_PROMPT:_ When counting, include every line of the data that holds "Benz", then state the total alone.

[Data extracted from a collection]
•••

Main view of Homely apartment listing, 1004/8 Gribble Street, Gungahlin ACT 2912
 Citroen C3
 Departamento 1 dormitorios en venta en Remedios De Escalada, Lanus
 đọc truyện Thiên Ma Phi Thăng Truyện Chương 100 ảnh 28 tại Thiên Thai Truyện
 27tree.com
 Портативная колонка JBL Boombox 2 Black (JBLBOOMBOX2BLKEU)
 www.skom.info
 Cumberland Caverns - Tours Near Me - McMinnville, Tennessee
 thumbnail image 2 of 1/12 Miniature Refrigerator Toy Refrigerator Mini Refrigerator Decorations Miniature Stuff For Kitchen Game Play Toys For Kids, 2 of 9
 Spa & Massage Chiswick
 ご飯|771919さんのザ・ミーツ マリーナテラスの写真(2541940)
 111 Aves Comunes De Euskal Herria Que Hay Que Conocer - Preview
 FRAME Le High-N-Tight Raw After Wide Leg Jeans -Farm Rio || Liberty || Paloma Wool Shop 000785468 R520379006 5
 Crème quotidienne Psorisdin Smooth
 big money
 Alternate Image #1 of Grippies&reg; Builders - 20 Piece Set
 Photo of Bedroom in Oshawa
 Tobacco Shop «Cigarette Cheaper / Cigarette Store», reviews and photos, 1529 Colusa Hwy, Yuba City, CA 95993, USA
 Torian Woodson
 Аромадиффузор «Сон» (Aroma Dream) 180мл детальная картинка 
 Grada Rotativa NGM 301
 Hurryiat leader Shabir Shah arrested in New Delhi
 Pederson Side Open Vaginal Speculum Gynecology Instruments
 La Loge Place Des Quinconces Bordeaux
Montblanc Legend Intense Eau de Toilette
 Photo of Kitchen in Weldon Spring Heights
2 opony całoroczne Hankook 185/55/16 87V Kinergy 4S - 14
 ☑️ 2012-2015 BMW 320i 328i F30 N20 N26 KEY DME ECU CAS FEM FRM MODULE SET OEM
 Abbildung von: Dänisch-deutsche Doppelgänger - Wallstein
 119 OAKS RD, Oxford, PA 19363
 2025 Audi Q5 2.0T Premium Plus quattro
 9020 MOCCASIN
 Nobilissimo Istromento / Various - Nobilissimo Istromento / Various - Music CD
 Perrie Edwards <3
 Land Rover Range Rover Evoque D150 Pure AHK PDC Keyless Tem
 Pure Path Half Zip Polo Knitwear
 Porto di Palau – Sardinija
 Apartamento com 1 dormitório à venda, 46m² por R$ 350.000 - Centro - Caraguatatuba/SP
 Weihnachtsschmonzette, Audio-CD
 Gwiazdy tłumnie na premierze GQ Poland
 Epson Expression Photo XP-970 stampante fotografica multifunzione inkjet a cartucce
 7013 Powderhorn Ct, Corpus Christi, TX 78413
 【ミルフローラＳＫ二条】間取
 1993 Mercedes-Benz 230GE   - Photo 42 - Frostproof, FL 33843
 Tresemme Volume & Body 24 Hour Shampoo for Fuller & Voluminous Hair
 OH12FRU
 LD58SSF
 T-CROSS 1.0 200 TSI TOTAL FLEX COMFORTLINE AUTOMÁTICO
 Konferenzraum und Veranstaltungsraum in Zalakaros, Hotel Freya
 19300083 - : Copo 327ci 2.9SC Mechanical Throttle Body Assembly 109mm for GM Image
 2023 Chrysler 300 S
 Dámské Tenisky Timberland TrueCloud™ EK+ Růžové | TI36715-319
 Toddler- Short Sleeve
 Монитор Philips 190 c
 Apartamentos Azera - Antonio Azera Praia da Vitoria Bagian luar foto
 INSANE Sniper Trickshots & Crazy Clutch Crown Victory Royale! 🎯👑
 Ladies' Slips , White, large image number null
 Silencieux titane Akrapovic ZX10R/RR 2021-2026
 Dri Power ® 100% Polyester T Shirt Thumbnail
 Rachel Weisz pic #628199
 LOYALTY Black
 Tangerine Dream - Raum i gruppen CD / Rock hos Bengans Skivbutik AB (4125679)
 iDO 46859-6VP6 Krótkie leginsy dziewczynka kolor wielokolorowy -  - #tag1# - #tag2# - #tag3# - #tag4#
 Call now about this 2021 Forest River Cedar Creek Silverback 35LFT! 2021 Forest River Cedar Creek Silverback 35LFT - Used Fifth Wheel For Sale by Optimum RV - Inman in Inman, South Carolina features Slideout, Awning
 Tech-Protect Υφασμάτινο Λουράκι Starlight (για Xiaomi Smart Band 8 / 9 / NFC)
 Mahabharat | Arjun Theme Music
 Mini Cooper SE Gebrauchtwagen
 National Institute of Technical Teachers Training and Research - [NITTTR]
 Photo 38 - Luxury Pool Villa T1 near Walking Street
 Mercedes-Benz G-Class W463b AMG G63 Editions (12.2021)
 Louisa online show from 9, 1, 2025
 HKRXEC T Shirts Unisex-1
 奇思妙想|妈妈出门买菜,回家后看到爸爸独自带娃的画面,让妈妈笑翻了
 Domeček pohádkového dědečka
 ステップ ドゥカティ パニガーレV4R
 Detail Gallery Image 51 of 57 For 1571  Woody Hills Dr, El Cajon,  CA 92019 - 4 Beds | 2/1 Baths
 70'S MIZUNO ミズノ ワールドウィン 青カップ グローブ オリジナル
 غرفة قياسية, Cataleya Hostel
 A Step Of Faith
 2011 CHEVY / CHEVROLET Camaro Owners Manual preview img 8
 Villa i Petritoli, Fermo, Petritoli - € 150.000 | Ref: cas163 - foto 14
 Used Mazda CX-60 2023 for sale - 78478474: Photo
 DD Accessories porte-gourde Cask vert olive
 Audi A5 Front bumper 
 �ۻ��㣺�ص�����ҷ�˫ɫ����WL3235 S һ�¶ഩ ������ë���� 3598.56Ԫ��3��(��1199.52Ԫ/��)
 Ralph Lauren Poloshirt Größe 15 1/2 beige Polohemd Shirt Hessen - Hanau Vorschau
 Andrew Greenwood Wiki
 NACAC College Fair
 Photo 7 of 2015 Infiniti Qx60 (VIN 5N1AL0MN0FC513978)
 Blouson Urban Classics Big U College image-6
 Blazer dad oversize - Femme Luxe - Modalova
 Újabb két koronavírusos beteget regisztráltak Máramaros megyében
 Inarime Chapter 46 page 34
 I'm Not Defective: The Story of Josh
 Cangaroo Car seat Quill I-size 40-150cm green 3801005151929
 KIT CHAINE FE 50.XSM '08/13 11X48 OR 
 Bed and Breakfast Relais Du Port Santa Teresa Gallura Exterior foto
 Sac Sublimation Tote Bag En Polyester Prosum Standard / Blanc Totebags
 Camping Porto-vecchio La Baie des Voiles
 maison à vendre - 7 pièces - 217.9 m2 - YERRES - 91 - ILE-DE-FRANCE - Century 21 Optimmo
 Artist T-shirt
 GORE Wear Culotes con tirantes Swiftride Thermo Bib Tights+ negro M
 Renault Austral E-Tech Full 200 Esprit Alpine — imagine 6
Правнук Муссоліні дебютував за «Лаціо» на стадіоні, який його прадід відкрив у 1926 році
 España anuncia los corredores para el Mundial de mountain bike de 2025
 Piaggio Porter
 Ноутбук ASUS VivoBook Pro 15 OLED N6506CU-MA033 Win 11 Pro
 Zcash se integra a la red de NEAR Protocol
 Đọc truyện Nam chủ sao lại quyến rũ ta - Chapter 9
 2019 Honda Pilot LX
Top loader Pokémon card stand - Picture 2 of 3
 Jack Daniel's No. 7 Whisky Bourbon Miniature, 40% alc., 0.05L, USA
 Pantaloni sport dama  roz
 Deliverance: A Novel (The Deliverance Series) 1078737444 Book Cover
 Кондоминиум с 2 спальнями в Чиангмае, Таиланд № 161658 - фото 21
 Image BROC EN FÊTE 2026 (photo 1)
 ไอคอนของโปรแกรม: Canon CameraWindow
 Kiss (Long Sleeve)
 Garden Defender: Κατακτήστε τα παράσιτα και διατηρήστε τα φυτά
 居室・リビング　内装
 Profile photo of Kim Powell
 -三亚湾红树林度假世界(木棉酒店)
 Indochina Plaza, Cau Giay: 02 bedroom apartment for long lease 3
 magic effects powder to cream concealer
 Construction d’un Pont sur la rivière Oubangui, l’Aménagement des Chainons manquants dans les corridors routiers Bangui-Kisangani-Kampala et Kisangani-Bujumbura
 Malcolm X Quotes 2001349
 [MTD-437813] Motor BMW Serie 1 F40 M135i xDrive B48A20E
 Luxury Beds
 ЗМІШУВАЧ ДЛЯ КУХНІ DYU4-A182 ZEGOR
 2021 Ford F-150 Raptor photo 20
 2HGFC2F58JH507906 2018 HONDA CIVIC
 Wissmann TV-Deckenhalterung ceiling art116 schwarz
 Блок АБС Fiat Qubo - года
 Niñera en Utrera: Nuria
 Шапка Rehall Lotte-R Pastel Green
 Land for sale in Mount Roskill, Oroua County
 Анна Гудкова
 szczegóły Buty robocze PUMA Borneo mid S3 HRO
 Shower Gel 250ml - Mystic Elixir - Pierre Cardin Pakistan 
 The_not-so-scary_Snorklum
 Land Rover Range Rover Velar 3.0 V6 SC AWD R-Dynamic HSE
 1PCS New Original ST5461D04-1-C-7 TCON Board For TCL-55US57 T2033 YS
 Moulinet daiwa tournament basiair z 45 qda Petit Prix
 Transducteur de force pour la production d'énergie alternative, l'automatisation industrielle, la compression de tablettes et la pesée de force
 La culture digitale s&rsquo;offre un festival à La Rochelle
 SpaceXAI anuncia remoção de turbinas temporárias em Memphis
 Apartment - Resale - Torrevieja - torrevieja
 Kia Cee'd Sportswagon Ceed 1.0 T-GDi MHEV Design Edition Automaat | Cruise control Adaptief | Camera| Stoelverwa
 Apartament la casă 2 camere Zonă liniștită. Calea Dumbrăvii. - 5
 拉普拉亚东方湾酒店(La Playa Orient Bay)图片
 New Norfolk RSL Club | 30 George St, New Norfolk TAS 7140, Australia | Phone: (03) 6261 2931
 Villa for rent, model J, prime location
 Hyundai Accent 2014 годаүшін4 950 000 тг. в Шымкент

•••

_EXPECTED ANSWER:_ 2